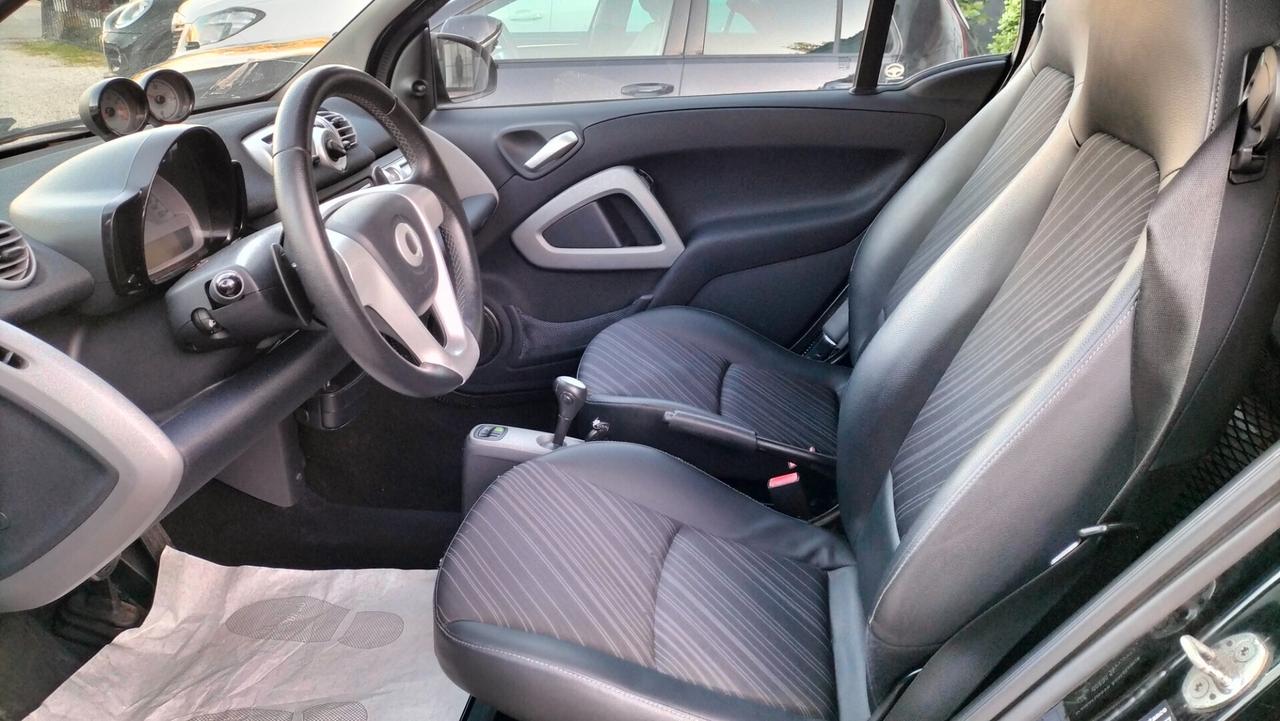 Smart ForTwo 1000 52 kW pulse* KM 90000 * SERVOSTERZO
───
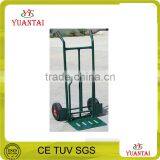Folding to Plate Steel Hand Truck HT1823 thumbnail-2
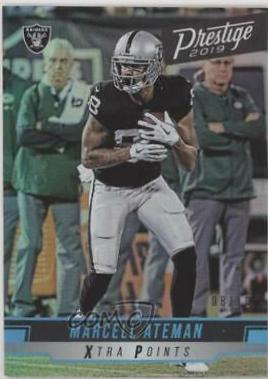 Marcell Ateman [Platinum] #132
───
**WHAT THIS TASK INVOLVES**
In the records above, copy exactly everything from the line that has "Folding to Plate" down to the line that has "Marcell Ateman [Platinum] #132", both ends included, and leave out the pictures.

**TASK OUTPUT**
Folding to Plate Steel Hand Truck HT1823 thumbnail-2
 Marcell Ateman [Platinum] #132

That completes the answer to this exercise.